The Union Cabinet today approved the setting up of a National Anti-profiteering Authority under the Goods and Services Tax, as it seeks to ensure that consumers get the benefit of reduced prices under the new indirect tax regime.
Union Minister Ravi Shankar Prasad said that currently there are only 50 items which attract the highest tax of 28 percent under the GST regime and the rates on many items have been cut to 5 percent as well.
“The National Anti-Profiteering Authority is an assurance to consumers of India. If any consumer feels that the benefit of tax rate cut is not being passed on, then he can complaint to the authority,” Prasad told reporters after the Cabinet meeting.
This reflects the government’s full commitment to take all possible steps to ensure that the benefits of GST implementation are being transferred to the common man, the minister said.
The approval by the Cabinet paves way for immediate establishment of the apex body, which is mandated to ensure that the benefits of GST rate reduction is passed on to consumers.
The GST Council, chaired by the Union Finance Minister, comprising state counterparts, had last week decided to slash tax rates of over 200 items in the GST regime as well as lowered tax rates on AC and non-AC restaurants to 5 percent.
The Council had earlier approved the setting up of a five- member National Anti-Profiteering Authority to enable consumers to file complaint in case price reduction is not passed on.
A five-member committee, headed by Cabinet Secretary PK Sinha, comprising Revenue Secretary Hasmukh Adhia, CBEC Chairman Vanaja Sarna and chief secretaries from two states, has been entrusted to finalise the chairman and members of the authority.
The authority will have a sunset date of two years from the date on which the chairman assumes charge. The chairman and the four members of the authority have to be less than 62 years.
As per the structure of the anti-profiteering mechanism in the GST regime, complaints of local nature will be first sent to the state-level ‘screening committee’, while those of national level will be marked for the ‘Standing Committee.’
If the complaints have merit, the respective committees would refer the cases for further investigation to the Directorate General of Safeguards. The DG Safeguards would generally take about three months to complete the investigation and send the report to the anti-profiteering authority.
If the authority finds that a company has not passed on GST benefits, it will either direct the entity to pass on the benefits to consumers or if the beneficiary cannot be identified, it will ask the company to transfer the amount to the ‘consumer welfare fund’ within a specified timeline.
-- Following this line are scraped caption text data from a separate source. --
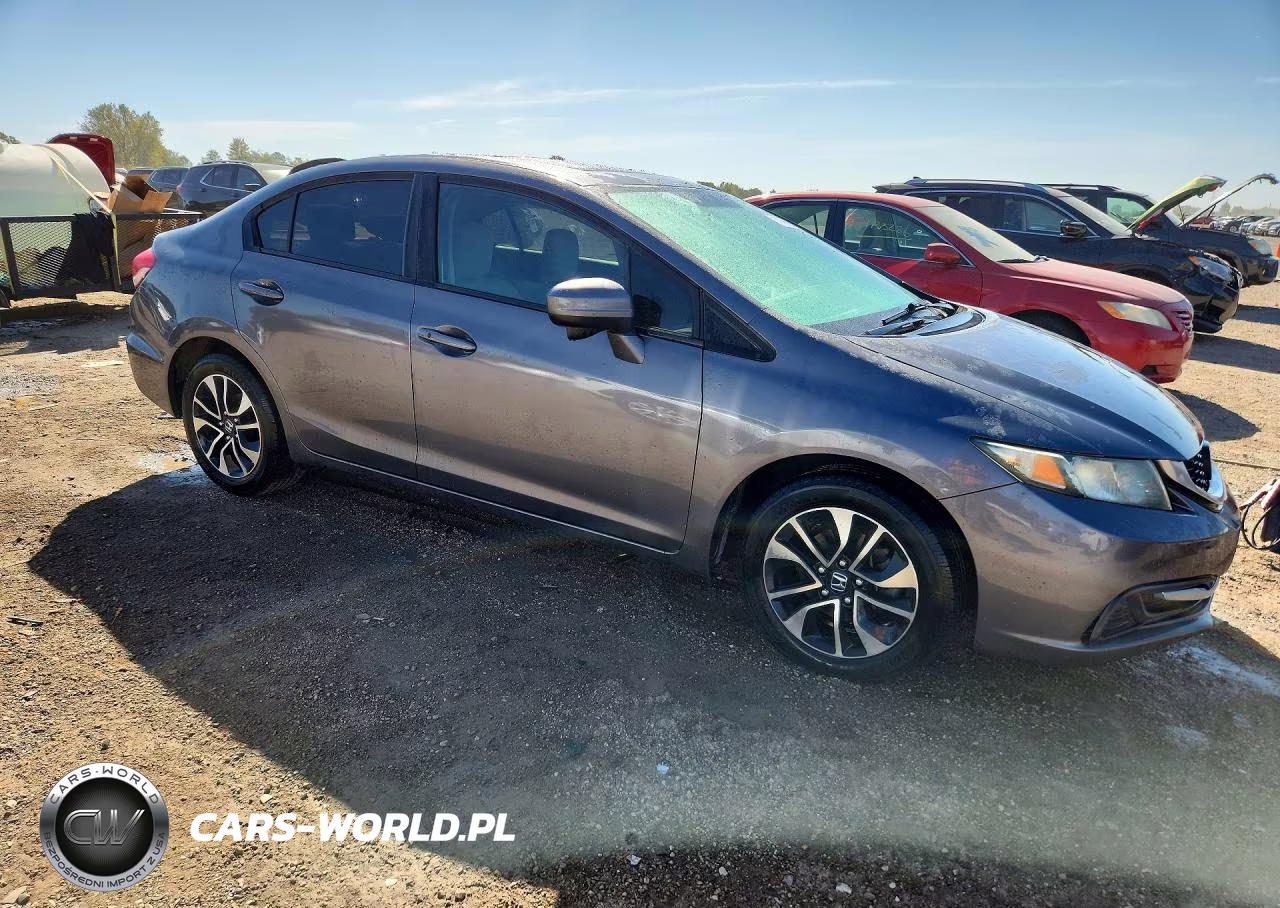 2014 Honda Civic Ex VIN:19XFB2F87EE249410 - 4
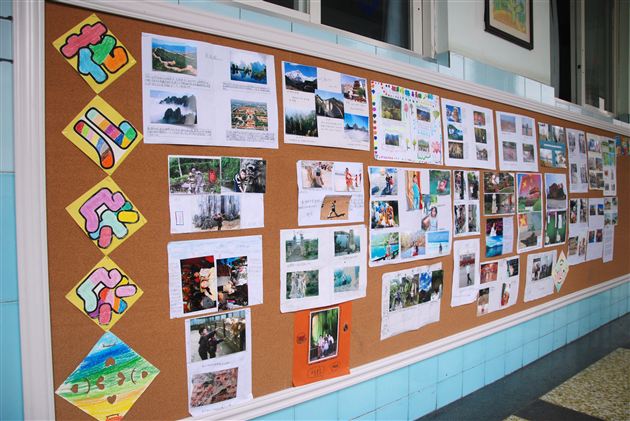 方寸之地 描绘我心——棠外附小举行第二届“阳光杯”手抄报比赛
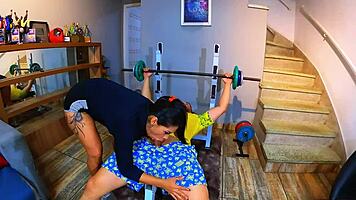 Trainer Loses Focus As Student Turns Workout Into Wild Fuck Session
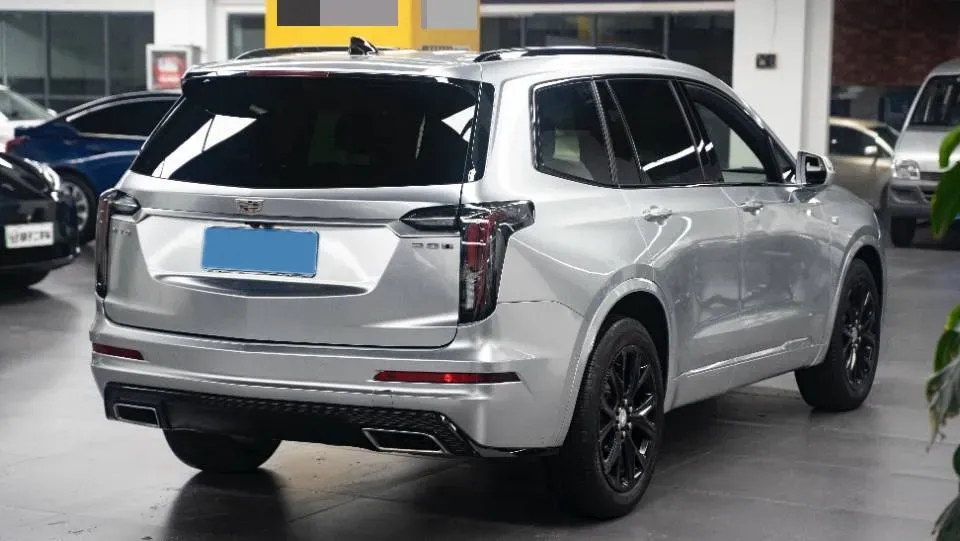 2020 Cadillac XT6 2.0T 237HP L4 9AT,autocango,china used car exporter,china ev exporter,chinese used car exporter,chinese used ev exporter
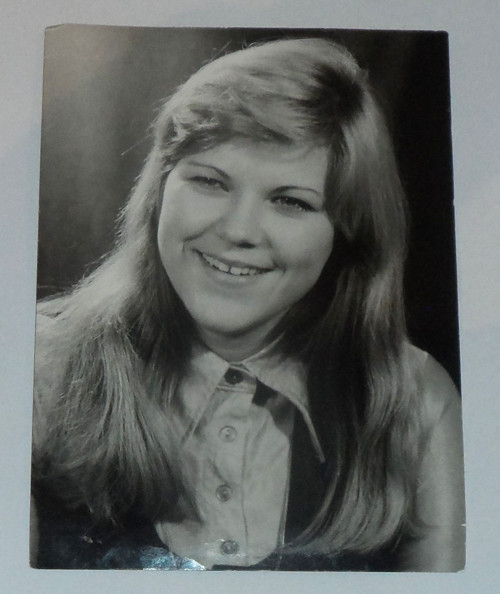 ČB FOTOGRAFIE, dívka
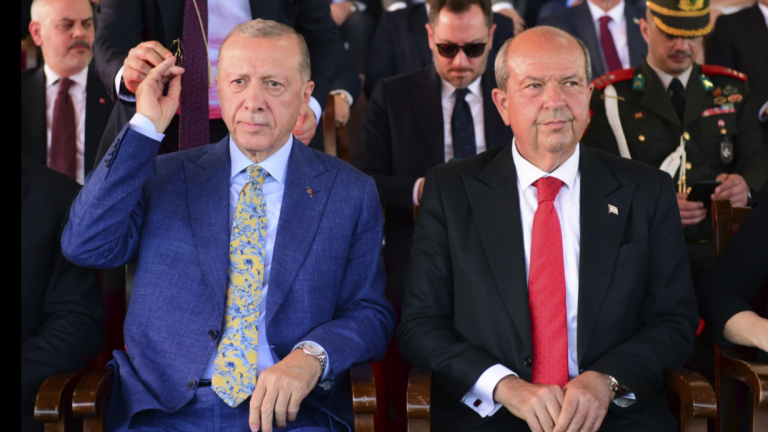 Turkey’s President repeats call for ‘two-state solution’ to Cyprus problem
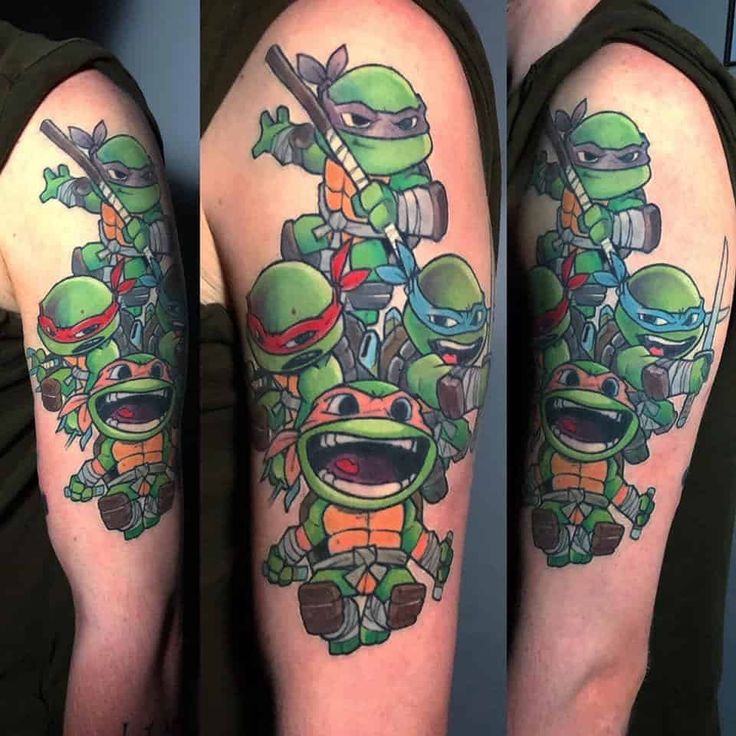 50+ Top Turtle Tattoo Designs (The Symbolism Behind Turtle Body Art)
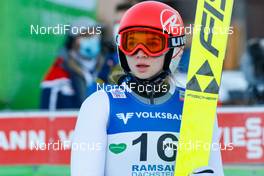 18.12.2020, Ramsau, Austria (AUT): Anastasia Goncharova (RUS) - FIS world cup nordic combined women, individual gundersen HS98/5km, Ramsau (AUT). www.nordicfocus.com. © Volk/NordicFocus. Every downloaded picture is fee-liable.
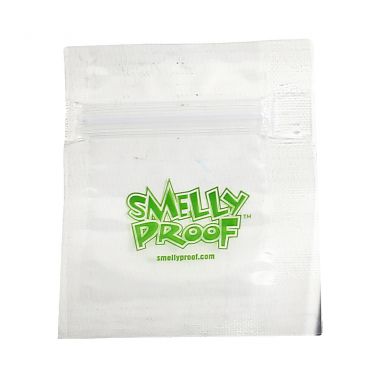 Smelly Proof Baggies (Extra Extra Extra Small) - Clear
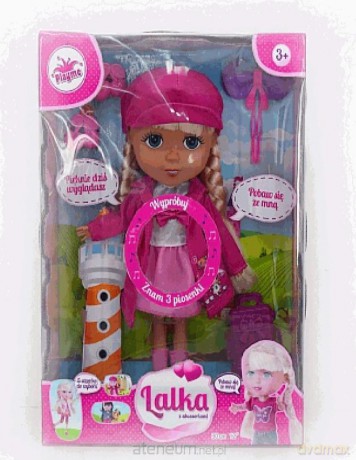Lalka w podróży 30 cm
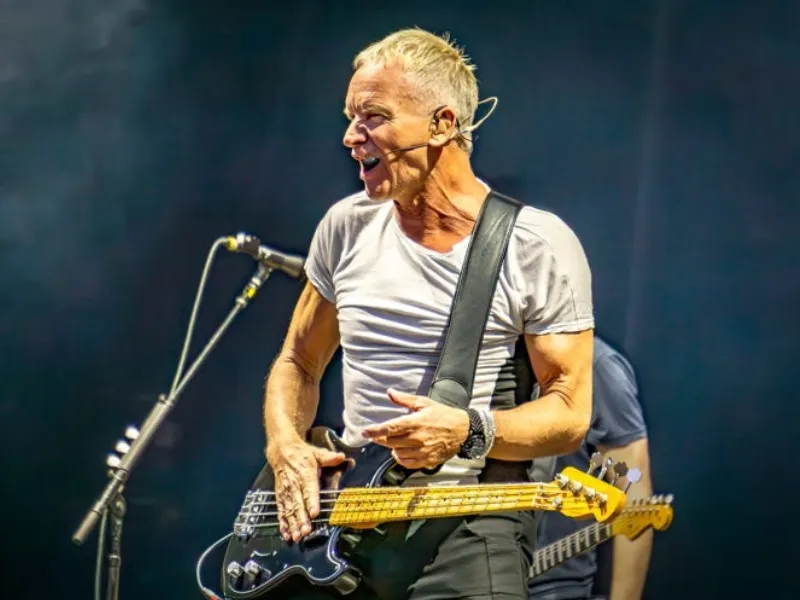 Sting tickets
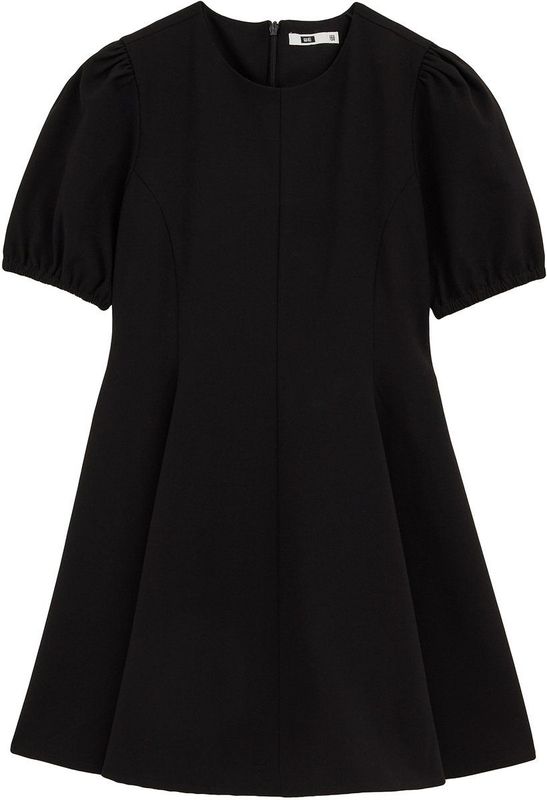 WE Fashion - Jurk - Korte Mouwen - Ronde Hals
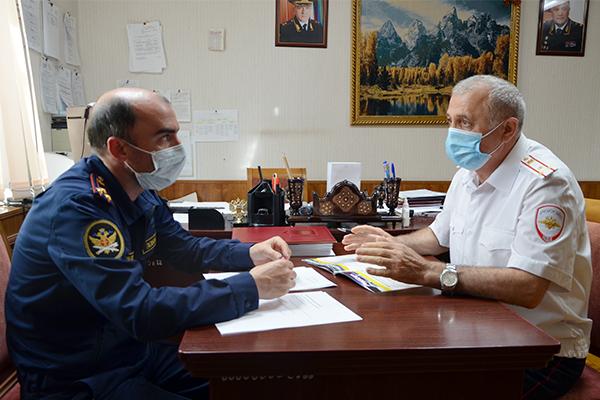 Представители УФСИН и МВД по Республике Дагестан обсудили вопросы размещения заказов в учреждениях УИС Дагестана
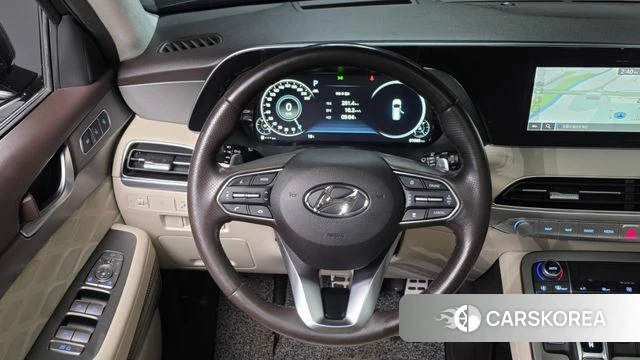 Hyundai Palisade 2020 Черный из Кореи, фото 4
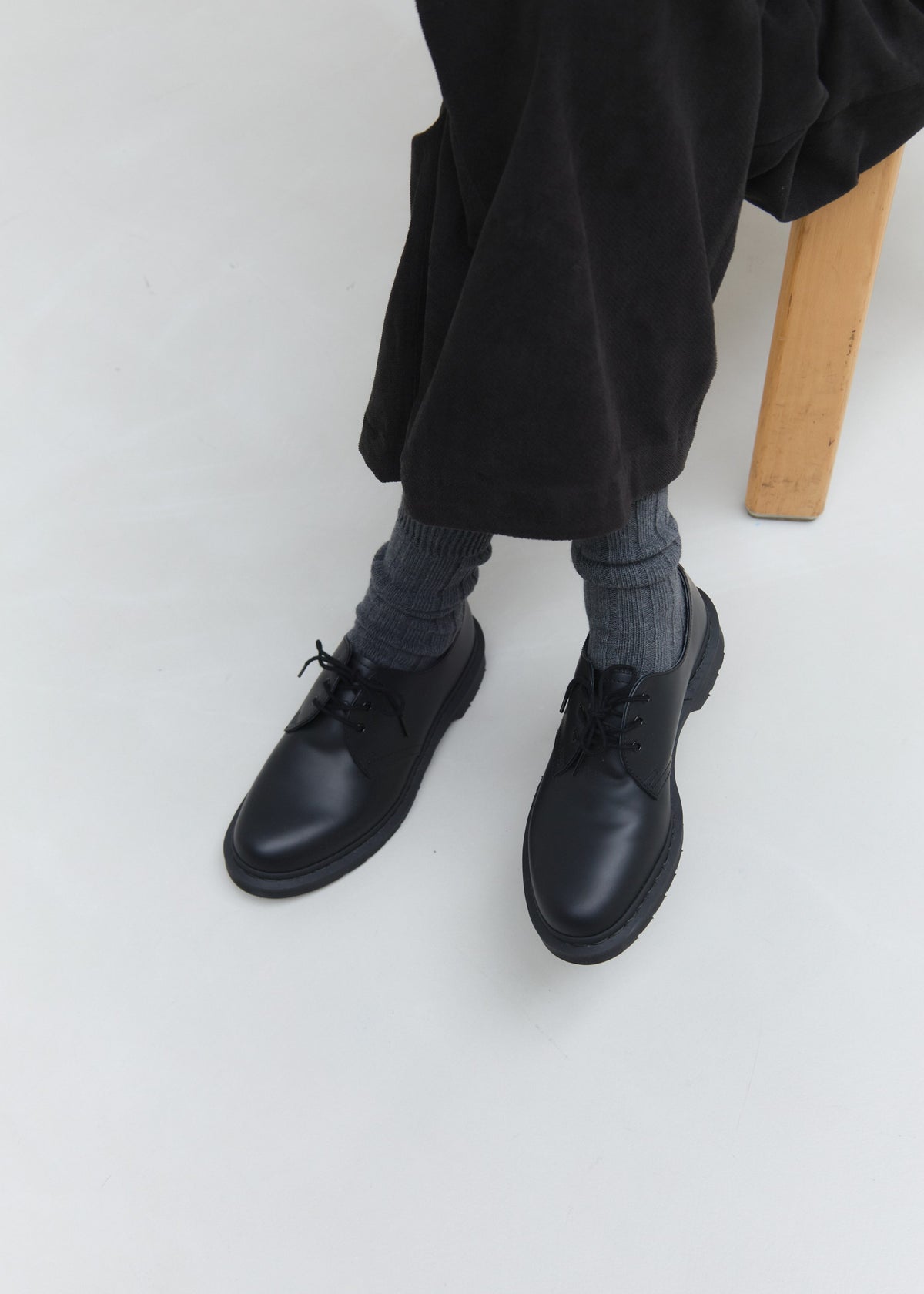 26FW COTTON RIB SOCKS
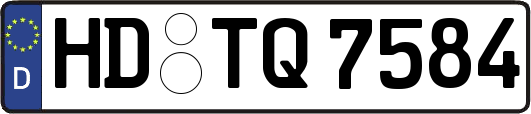 HD-TQ7584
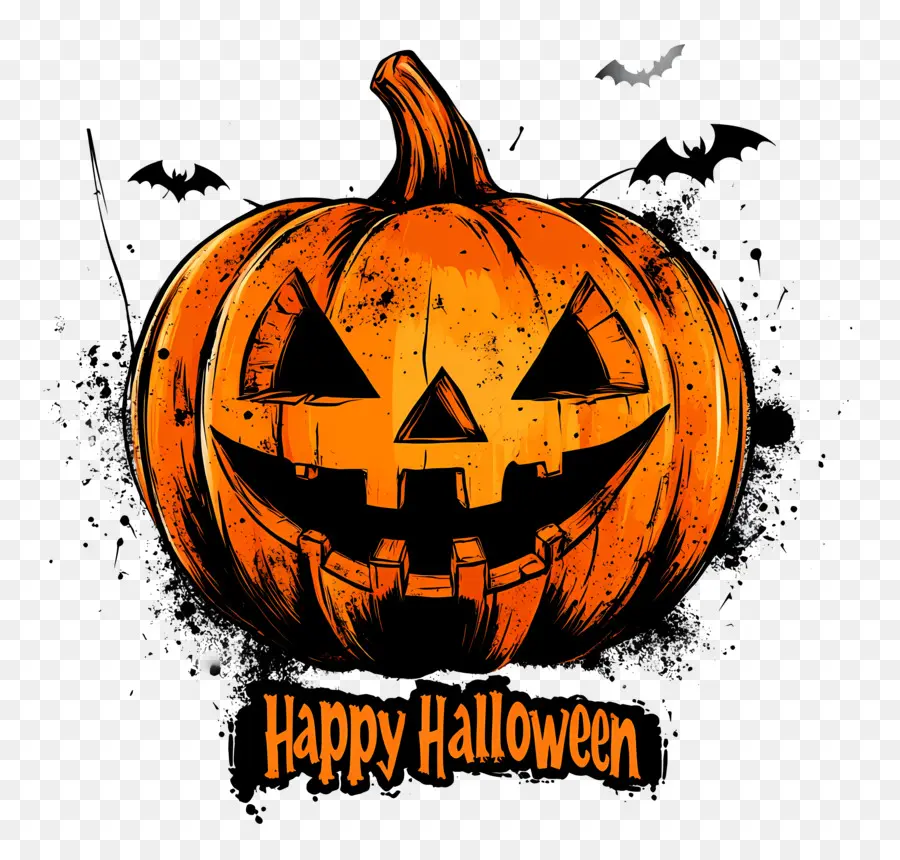 Feliz Halloween，Calabaza De Halloween PNG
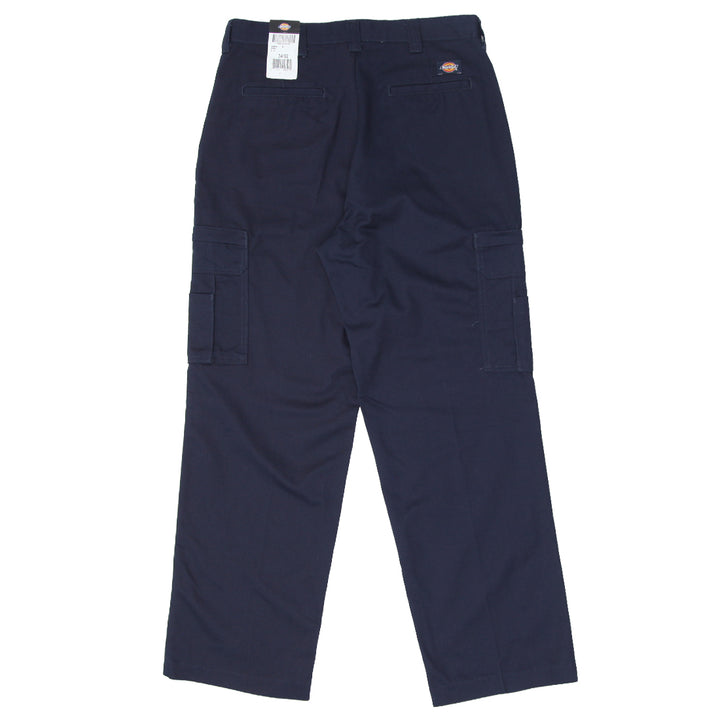 Mens Dickies Navy Cargo Work Pants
The authority will have the power to cancel registration of any entity or business if it fails to pass on to consumers the benefit of lower taxes under the GST regime, but it would probably be the last step against any violator.
According to the anti-profiteering rules, the authority will suggest return of the undue profit earned from not passing on the reduction in incidence of tax to consumers along with an 18 percent interest, and also impose penalty.